Common knowledge suggests that 9 out of 10 startups fail. Diving into statistics, the majority of VC returns are coming from 20% of their investments, in other words from 2 out of 10 startups the VC invests in – this is often referred to as the “Pareto principle”. A minimum 12% annual return is regarded as a good VC performance, which over a standard fund lifetime of 10 years yields a 3.1x total return. To achieve this return with 2 investments while the other 8 have to be written off, these 2 investments have to return on average 15.5x.
Reality check: “Spray & Pray” is not a safe bet
That sounds of course very logical and would imply that as long as the fund volume is sprayed enough, VCs just have to pray, and statistically there will be a success as long as the two winners are real winners. Of course, reality looks different: it is much more probable that out of 10 investments 5 have to be written off, 4 yield 2-4x return and then there might be one really big winner yielding e.g. 50x.
Comparing theory to reality, it’s becoming clear that there’s more to a successful VC than pure math: According to UpWest data 50% of VCs return less than 1x to their LPs – overall, those investors are taking a pretty big risk for a minor return. On the upper end, 5% of VCs realise a return of more than 3x.
How we choose a high-conviction investment strategy of quality over quantity
At 3VC the key lies within pursuing quality over quantity: the startups we partner with, the way of sourcing exciting new opportunities, the 3VC team setup, and even our latest rebranding all have one thing in common: quality over quantity.
1: Identifying potential category leaders
Whether a specific market that we look at is a winner-takes-it-all market or not, there will be one company that will be the leader in that category. Finding that potential category leader is one key for the quality over quantity principle.
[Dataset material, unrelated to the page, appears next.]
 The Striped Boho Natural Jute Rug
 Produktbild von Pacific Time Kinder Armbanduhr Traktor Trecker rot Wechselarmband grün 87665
3VC will never invest in two companies in the same market competing (now or in the future) with each other hoping that one of the two then wins the race for the pole position. As part of the due diligence process, we analyse the market thoroughly and make sure we are partnering with the best team that has built the best product based on unique insight.
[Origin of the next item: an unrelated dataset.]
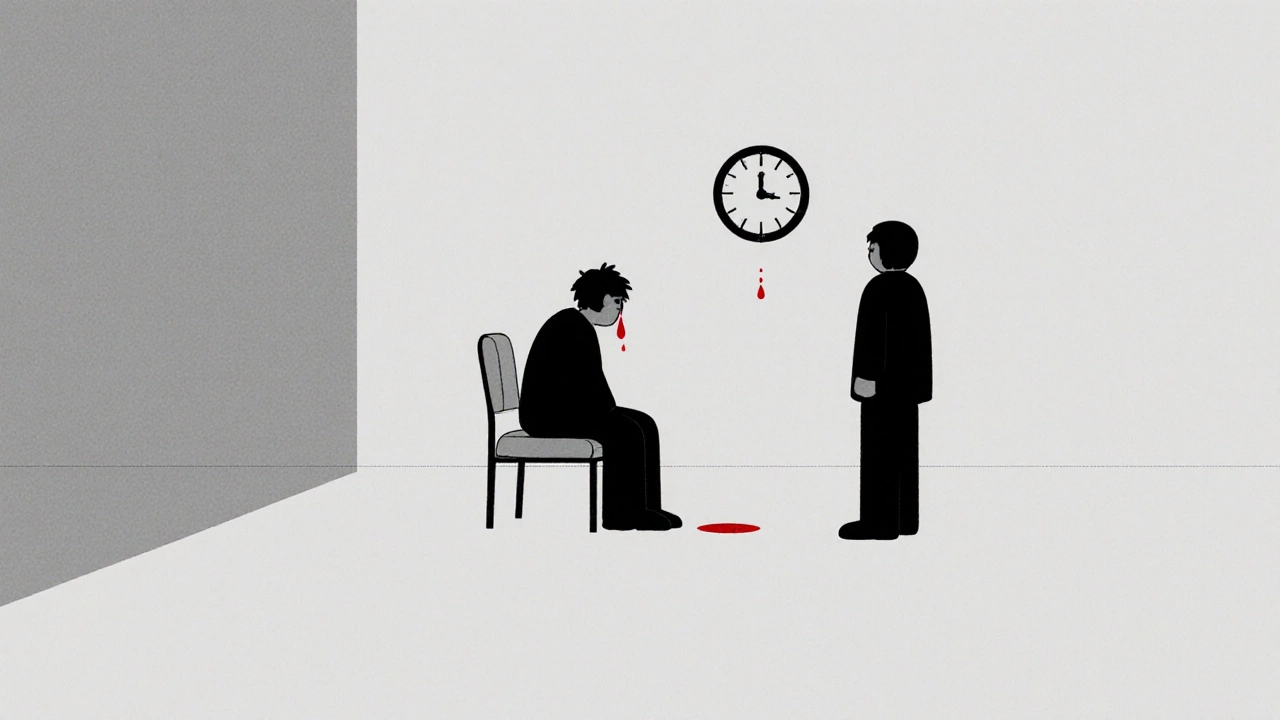 A lone person sitting in an empty room, a single tear falling, silence visually emphasized.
This is also the reason we don’t set a tight industry focus because it would sooner or later lead to competition in the portfolio, but also we want to expose ourselves to serendipity and be in a position to capitalize on structural developments that emerge.
2: Better support for founders
One big advantage of only partnering with a handful of teams every year is that we have more capacity to support these teams closely and take more time for them. Think for example about a partner sitting on 25 boards versus only sitting on 5 boards. Of course, the latter allows her/him to think much more about the business, engage more when needed, and add more value.
Does that mean that 3VC is interfering with the operations of the startups? No, definitely not! But when founders would like to get opinions, feedback, advice, or any other kind of support we want to make sure we can stand by. Startups we are excited to partner with always get the chance to speak to portfolio founders to get a feeling of how 3VC works with the teams.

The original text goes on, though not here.